Стеклянный небосвод: Как женщины Гарвардской обсерватории измерили звезды - Дава Собел
В начале 1891 года, после того как она обнаружила новую переменную в созвездии Дельфина и с одобрения директора опубликовала свое открытие в журнале Sidereal Messenger, два опытных наблюдателя из других обсерваторий взялись проверить его. Оба оспаривали ее мнение, утверждая, что звезда не переменная. Но когда эти два астронома встретились для обсуждения своих выводов, они поняли, что наблюдали за разными звездами, причем ни одна из них не была звездой миссис Флеминг. «Подобная ошибка, – чуть не кричала она в ответ, – ни за что не случилась бы при сравнении фотоснимков».
Поиск новых переменных звезд стал коньком миссис Флеминг. Если на момент ее прихода в обсерваторию было известно менее 200 таких непостоянных светил, то за десять лет работы была обнаружена еще сотня, и немалая доля открытий принадлежала ей лично. Первые находки она сделала, определяя звездные величины по размеру пятнышка, в виде которого звезда отображалась на фотопластинке, и затем выделяя пятнышки, менявшие размер на последующих снимках. Благодаря спектрам у нее появился более простой способ. Узнав спектральные особенности нескольких известных переменных, она научилась выявлять аналогичные признаки у других звезд, можно сказать, с первого взгляда. Например, присутствие ряда светлых водородных линий среди черных указывало на переменную звезду на пике блеска.
Выявляя новые переменные, миссис Флеминг не упускала из виду старые. Директор хотел проследить, как спектры переменных звезд меняются во времени и как изменения блеска коррелируют с видом фраунгоферовых линий.
Весной 1891 года миссис Флеминг заметила кое-что необычное у переменной Беты Лиры. Ее непостоянство было известно уже лет сто, но теперь, разглядывая ее спектр при увеличении, миссис Флеминг опознала удвоение линий, говорившее о том, что Бета Лиры принадлежит к новооткрытой группе спектрально-двойных звезд и на самом деле звезд там две.

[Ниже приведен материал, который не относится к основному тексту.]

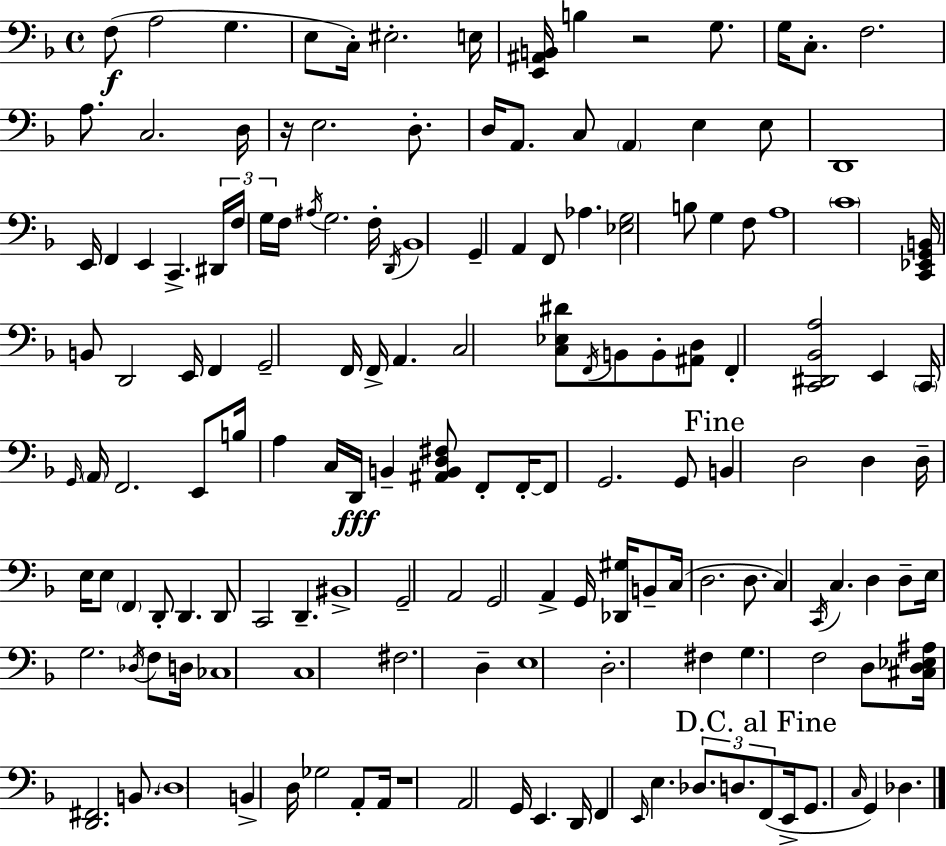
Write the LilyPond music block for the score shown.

Мисс Мори тоже питала интерес к Бете Лиры, который можно было назвать даже собственническим, поскольку Лира – северное созвездие, а в ее ведении находилось около 700 самых ярких звезд Северного полушария. Вместе с Пикерингом и миссис Флеминг она просмотрела 29 фотопластинок из Мемориала Дрейпера, содержавших снимки Беты Лиры. Результаты ее анализа предполагали, что эта двойная звезда состоит не из пары близнецов, как Мицар и Бета Возничего, а из двух звезд различных классов, каждая из которых меняет блеск с собственной скоростью и по собственным причинам. Она начала разрабатывать теорию природы их связи.

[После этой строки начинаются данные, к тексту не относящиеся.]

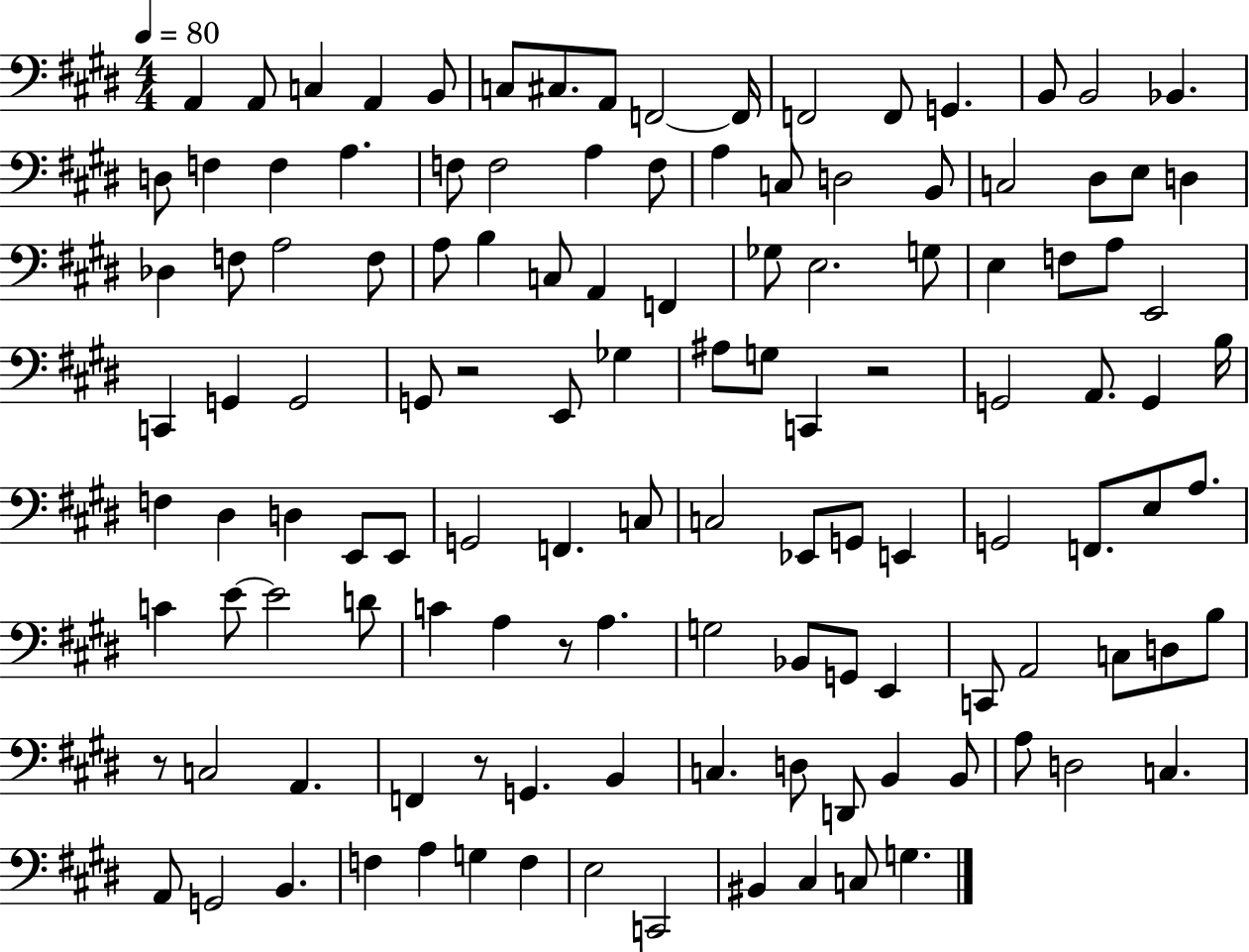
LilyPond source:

Пикеринг надеялся опубликовать подготовленную мисс Мори классификацию ярких северных звезд к концу 1891 года в качестве продолжения «Дрейперовского каталога звездных спектров» миссис Флеминг 1890 года. К сожалению, труды мисс Мори все еще были далеки от готовности к публикации. Ее двухуровневая система классификации, опиравшаяся как на расположение, так и на характер спектральных линий, требовала предельной точности. Любые уступки означали бы неспособность справиться со сложностью проблемы. Хотя медленный прогресс беспокоил Пикеринга, он вряд ли мог упрекнуть мисс Мори в лени. Она устроилась на вторую работу учительницей в Гилмановской школе по соседству, не прекращая трудиться в обсерватории с таким усердием, что Пикеринг опасался за ее здоровье. Миссис Дрейпер тоже начинала проявлять нетерпение из-за племянницы. После своего визита в обсерваторию в начале декабря она написала Пикерингу: «Надеюсь, Антония Мори постарается и завершит более надлежащим образом то, что у нее уже имеется».
Пикеринг ежедневно заглядывал в кабинет расчетчиц, чтобы проследить, как у них идут дела. Мисс Мори это страшно нервировало. Она часто возвращалась домой измотанной. Не единожды она жаловалась своей родне, что критика директора пошатнула ее веру в собственные способности. В таких условиях она не могла вести расчеты и в начале 1892 года ушла из обсерватории. Следующие несколько месяцев она вела с Пикерингом переговоры о судьбе своих незавершенных проектов, которые ей не хотелось ни бросать, ни передавать кому-то другому.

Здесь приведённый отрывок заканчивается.